Born October 5, 1932 in Los Angeles, California
First African American congresswoman
and assemblywoman elected from
California; first African American
member of the Los Angeles County
Board of Supervisors
Yvonne Braithwaite Burke, an only child, was born on October 5, 1932 to James A. Watson and Lola Moore Watson. She grew up in Los Angeles, where her father worked as a janitor for MGM studios. While there, he organized the janitors into the service employees union. Her mother was an elementary school teacher, and later became a stockbroker. The couple met when her father -- who played baseball on an all-black team for a city in Texas -- traveled to her mother's home town to play. They became acquainted at a reception following the game, and dated for six years before marrying.
The neighborhood in which Burke grew up was close to commercial areas in downtown Los Angeles. It was multiethnic, with Chinese, Japanese and Mexican Americans in the neighborhood, as well as African Americans. Racial covenants were in force at the time, which effectively kept minorities from moving into predominantly white neighborhoods. Because of the de facto segregation, African Americans of all economic strata lived not far from each other.
A “straight A” student throughout her academic career, Burke was transferred in the fourth grade into a teacher training “lab” school at the University of California where she could take advantage of the better curriculum there. She decided at age 15 that she eventually wanted to go to law school.
In 1949, after graduating high school, she traveled north to Berkeley to attend the University of California at Berkeley. She also was a member of the Alpha Kappa Alpha Sorority. In her junior year she transferred back down to Los Angeles to attend the University of California at Los Angeles, and earned her undergraduate degree from the institution. By moving back in with her parents, she was able to save money to attend law school. In 1956 Burke graduated in the top third of her class to earn her juris doctorate from the University of Southern California Law School. While attending USC, she and two Jewish students were refused membership in the women's law society and so launched their own rival group.
Burke shone early in her career as a defender of public interest. In 1965, after the infamous and wildly destructive Watts riots in Los Angeles, she played a key role in organizing the legal defense for those charged in the riots. Soon after, she was named by the governor to the McCone Commission, which was charged with determining the cause of the riots.
Burke's political career began in earnest in 1966 with her first "first"--her election as the first African American assemblywoman in California. She served three two-year terms in the California legislature as representative of the state's 63rd Assembly District. It was during this time that she met her husband, William Burke.

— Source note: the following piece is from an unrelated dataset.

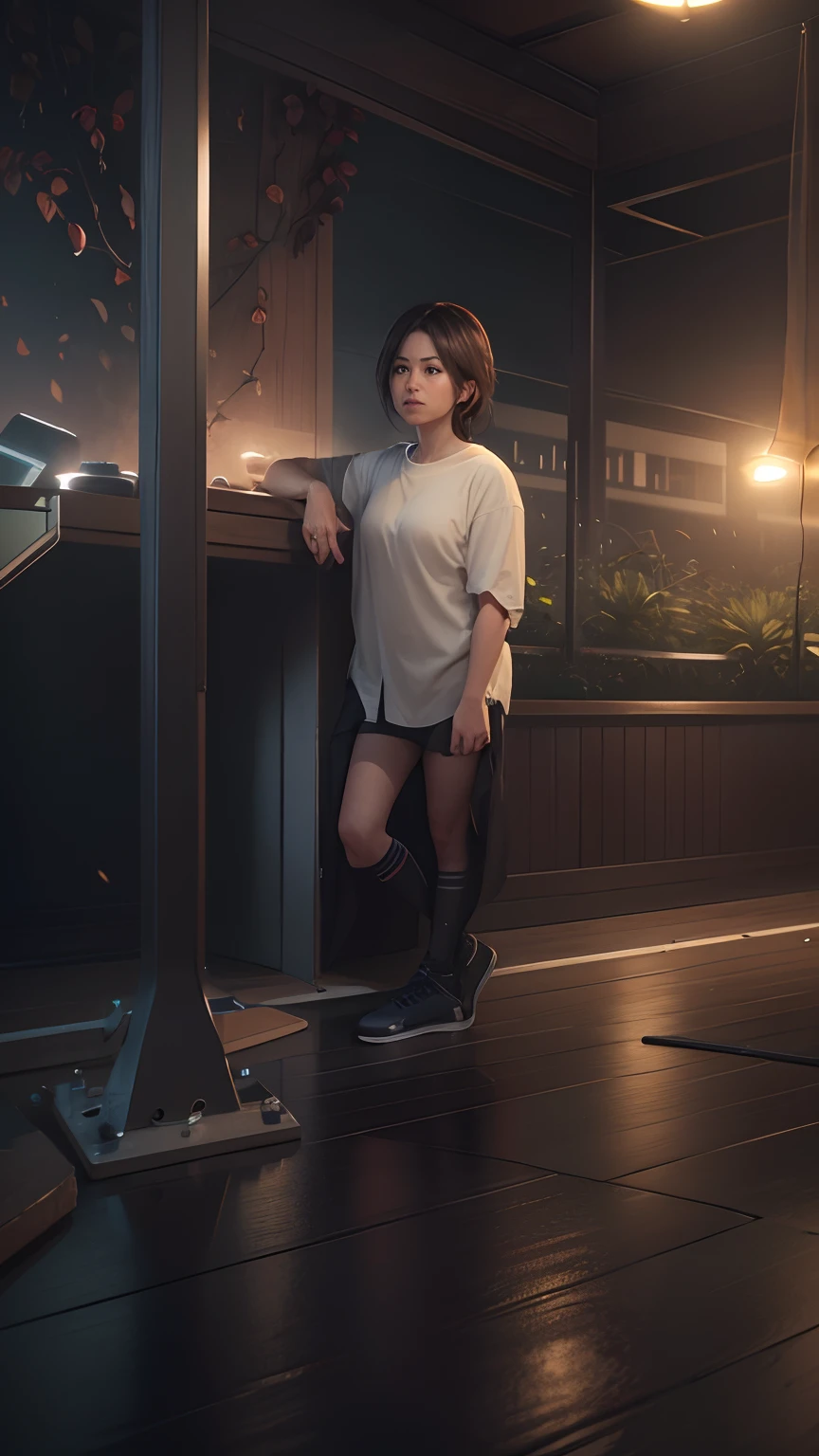 Highest quality, full body detail, golden ratio, (theater lighting: 0.7), masterpiece, audience angle shot, (tanned 18-year-old Filipino girl Andrea Lee), looks happy, (standing on the floor wearing a shirt on the viewing groove, pulling up her skirt to look at her panties), full body portrait, perfect face, amazing eyes, vivid details, (highly detailed skin), accent lighting (backlight: 0.5), depth of field, iPhone 6, 20mm lens, f/4 aperture, (Super Detail), Clear Focus, Soft Colors, 8K, Conscious, 8mm Film Grain, War Photography, Angle Up Shooting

Among the causes she championed during these years were prison reform, child care, education, and equal opportunities for minorities and women. When the state legislature proved too unresponsive to Burke's change-minded ways, she set her sights on a seat in the U.S. Congress. Her winning Congressional bid made her the first African American woman elected to Congress from California, or any other state in the American West. She was chosen vice chair of the 1972 Democratic National Convention, another first for African Americans, and remained in Washington D.C. for one six-year term, from 1972 to 1978. "I came along at a time when there was a demand to give men greater visibility and opportunity," Burke is quoted as saying in the Columbia Book of Quotations. "In white society they were saying, 'Women can't do it.' In black society, they were saying, 'Women do too much.' It's a diabolical situation."
While in Congress, Burke also became the first member of Congress to give birth while in office, and therefore the first representative to be granted maternity leave. Autumn, her daughter with husband William A. Burke, a Los Angeles businessman, was born in 1973. She also has a stepdaughter, Christine Burke.
She abruptly resigned her seat and left Washington, DC in 1978. Burke cited difficulties in having an impact on such a large assembly, but personal reasons also figured into her decision. (She was exhausted from six years of commuting to Los Angeles, where her husband had remained.)
After leaving the nation’s capital, she became the first African American member of the Los Angeles County Board of Supervisors. After just one year, however, she was not re-elected to her position, which was the first failure in what had been for Burke an unblemished political career. For more than a decade, her position in American politics had risen steadily. She also lost a bid for the California Attorney General's office, which was another setback.After failing to win an elected office in 1980, she joined the law firm of Jones, Day, Reavis, & Pogue, where she practiced law for a decade. During this time, she remained a champion for various issues in Los Angeles. She was effective as chair of the Metropolitan Transportation Authority (MTA) board of directors and a member of the Alameda Corridor Transportation Authority. She also is a member of the L.A. Coliseum Commission, the Local Agency Formation Commission (LAFCO), and is a fellow of the National Academy of Public Administration. She was chair of the L.A. Federal Reserve Bank, and was vice chair of the 1984 U.S. Olympics Organizing Committee. She has sat on boards of numerous organizations and corporations, including Nestle.
Burke regained a seat on the Los Angeles County Board of Supervisors in 1992, and has remained on the board since. She was chair of the board in 1993-94, 1997-98, and 2003-04. As a member of the Board of Supervisors, she has focused on the needs and education of children, especially those who must be cared for in the County's foster child programs. She has been a prime mover in bringing about the Department of Children and Family Services new Family to Family program, promoting the placement of foster children in homes near their original neighborhoods. She has also established numerous child care centers that in addition to supervision also provide learning enrichment programs and nutritious meals.
Burke ran unopposed for the supervisor's seat in 2000, and so used her campaign funds to establish the Second District Education and Policy Foundation. The group provided $180,000 in scholarships to students in Los Angeles' Second District by 2003.
Time magazine once selected her as one of "America's 200 Future Leaders," and she was named as Woman of the Year by the Los Angeles Times.